ASSIGNMENT =>
Within the material below, locate the line with "Telecomverlengkabel | RJ11" and the line with "Disney Princesses coloring", then return those two lines and all lines between them, exactly as written.

LISTED ENTRIES =>
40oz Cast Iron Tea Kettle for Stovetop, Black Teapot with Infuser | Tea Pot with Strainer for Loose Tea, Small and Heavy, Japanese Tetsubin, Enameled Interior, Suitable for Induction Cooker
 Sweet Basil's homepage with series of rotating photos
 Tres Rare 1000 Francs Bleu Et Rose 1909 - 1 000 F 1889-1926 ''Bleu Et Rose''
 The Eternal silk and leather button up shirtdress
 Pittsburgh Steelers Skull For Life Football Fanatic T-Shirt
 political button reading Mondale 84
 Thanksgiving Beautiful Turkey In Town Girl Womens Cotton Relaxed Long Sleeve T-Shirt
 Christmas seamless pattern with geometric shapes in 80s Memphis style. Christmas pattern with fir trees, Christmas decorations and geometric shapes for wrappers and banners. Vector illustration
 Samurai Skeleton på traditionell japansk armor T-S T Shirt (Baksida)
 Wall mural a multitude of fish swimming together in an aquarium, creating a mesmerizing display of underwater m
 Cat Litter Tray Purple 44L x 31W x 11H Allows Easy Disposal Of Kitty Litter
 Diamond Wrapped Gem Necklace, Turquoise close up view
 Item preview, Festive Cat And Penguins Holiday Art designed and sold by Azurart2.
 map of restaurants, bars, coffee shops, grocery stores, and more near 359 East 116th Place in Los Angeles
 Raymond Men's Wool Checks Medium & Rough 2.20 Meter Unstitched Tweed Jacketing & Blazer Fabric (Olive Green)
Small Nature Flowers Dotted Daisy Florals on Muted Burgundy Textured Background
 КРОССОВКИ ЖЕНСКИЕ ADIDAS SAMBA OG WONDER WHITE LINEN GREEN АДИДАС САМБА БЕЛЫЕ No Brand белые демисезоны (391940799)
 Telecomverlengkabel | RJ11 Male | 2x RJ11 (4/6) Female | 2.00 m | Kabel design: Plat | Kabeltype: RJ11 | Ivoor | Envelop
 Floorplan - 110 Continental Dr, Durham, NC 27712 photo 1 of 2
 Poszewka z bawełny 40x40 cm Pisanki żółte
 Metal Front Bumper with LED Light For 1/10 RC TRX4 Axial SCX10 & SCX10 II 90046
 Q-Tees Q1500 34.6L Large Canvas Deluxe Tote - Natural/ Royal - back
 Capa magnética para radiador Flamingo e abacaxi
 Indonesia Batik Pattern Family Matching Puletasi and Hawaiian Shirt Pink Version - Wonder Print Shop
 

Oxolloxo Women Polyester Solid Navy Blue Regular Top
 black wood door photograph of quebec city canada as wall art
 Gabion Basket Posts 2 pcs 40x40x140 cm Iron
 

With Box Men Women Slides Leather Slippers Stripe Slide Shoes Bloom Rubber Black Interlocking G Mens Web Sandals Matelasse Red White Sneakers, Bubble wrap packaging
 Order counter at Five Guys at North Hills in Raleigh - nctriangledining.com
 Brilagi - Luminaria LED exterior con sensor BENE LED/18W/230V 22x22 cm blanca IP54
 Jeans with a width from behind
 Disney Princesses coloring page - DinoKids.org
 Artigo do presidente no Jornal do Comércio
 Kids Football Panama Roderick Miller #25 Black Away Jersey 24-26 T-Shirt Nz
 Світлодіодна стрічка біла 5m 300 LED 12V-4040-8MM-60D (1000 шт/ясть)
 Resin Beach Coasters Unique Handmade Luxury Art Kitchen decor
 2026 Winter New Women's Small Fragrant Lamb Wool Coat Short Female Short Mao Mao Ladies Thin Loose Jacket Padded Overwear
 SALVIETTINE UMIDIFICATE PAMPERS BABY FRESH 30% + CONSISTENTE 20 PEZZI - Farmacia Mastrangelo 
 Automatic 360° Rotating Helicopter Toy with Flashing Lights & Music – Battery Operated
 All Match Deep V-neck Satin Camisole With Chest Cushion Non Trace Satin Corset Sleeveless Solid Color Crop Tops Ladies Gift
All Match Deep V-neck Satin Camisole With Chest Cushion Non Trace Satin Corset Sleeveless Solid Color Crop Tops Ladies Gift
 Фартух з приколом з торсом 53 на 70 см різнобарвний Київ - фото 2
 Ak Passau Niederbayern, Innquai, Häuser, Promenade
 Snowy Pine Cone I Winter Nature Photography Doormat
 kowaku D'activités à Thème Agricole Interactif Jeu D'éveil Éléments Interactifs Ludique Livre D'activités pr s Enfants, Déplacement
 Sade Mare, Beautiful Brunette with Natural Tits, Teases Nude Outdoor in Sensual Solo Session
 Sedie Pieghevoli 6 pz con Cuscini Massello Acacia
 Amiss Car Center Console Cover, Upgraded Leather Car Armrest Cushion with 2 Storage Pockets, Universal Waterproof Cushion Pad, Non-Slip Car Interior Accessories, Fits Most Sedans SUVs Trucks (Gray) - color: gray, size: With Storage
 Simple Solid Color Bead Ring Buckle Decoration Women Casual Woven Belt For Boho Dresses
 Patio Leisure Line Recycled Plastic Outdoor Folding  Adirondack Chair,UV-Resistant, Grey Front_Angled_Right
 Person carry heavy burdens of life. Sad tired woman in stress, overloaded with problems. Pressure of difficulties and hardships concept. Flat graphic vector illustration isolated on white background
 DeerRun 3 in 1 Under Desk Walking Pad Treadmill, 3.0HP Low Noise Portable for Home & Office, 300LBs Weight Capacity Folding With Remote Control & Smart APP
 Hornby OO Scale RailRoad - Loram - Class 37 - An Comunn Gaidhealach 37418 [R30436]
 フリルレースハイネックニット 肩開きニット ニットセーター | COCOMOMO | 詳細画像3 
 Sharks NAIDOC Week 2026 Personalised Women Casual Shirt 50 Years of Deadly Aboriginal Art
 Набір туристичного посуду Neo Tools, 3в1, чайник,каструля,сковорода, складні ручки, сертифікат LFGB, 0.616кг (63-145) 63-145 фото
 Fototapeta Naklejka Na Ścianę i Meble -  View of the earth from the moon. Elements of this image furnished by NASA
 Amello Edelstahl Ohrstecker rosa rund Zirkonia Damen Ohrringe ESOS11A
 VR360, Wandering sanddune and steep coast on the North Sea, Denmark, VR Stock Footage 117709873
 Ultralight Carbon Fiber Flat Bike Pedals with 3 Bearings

EXERCISE ANSWER =>
 Telecomverlengkabel | RJ11 Male | 2x RJ11 (4/6) Female | 2.00 m | Kabel design: Plat | Kabeltype: RJ11 | Ivoor | Envelop
 Floorplan - 110 Continental Dr, Durham, NC 27712 photo 1 of 2
 Poszewka z bawełny 40x40 cm Pisanki żółte
 Metal Front Bumper with LED Light For 1/10 RC TRX4 Axial SCX10 & SCX10 II 90046
 Q-Tees Q1500 34.6L Large Canvas Deluxe Tote - Natural/ Royal - back
 Capa magnética para radiador Flamingo e abacaxi
 Indonesia Batik Pattern Family Matching Puletasi and Hawaiian Shirt Pink Version - Wonder Print Shop
 

Oxolloxo Women Polyester Solid Navy Blue Regular Top
 black wood door photograph of quebec city canada as wall art
 Gabion Basket Posts 2 pcs 40x40x140 cm Iron
 

With Box Men Women Slides Leather Slippers Stripe Slide Shoes Bloom Rubber Black Interlocking G Mens Web Sandals Matelasse Red White Sneakers, Bubble wrap packaging
 Order counter at Five Guys at North Hills in Raleigh - nctriangledining.com
 Brilagi - Luminaria LED exterior con sensor BENE LED/18W/230V 22x22 cm blanca IP54
 Jeans with a width from behind
 Disney Princesses coloring page - DinoKids.org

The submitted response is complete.